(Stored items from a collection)
=-=-=
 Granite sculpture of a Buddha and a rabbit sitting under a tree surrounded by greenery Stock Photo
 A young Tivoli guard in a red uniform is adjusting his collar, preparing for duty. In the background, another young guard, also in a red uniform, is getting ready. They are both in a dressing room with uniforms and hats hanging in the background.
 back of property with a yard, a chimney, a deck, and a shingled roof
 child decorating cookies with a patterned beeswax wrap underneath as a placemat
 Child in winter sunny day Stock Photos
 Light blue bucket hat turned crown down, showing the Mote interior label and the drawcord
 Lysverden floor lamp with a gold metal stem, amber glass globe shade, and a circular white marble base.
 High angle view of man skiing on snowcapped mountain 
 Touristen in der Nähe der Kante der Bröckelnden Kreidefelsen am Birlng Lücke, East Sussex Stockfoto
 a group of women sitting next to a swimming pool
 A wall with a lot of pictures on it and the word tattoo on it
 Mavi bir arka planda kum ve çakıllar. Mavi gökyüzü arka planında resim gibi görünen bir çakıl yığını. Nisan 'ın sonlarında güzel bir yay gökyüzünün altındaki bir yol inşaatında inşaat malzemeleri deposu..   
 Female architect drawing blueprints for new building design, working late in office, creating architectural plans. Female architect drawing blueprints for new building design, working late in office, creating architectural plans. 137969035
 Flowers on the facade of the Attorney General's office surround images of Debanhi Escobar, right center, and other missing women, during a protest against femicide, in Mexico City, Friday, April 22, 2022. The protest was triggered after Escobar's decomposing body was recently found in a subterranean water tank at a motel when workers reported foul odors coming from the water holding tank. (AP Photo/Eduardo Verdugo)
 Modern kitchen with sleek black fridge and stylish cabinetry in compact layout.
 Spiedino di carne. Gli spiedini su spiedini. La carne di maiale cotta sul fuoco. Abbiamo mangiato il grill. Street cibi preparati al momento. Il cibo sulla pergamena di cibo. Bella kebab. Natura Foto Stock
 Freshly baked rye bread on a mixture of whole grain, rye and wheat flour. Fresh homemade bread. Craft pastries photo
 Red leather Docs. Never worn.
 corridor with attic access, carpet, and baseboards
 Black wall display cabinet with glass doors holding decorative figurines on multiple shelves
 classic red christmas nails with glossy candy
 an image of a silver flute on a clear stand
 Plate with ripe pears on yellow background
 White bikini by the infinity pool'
=-=-=
Try it = With both ends included, please retype exactly the lines from the line containing "an image of a silver flute on a clear stand" to the final line of the data.

Exercise answer =
 an image of a silver flute on a clear stand
 Plate with ripe pears on yellow background
 White bikini by the infinity pool'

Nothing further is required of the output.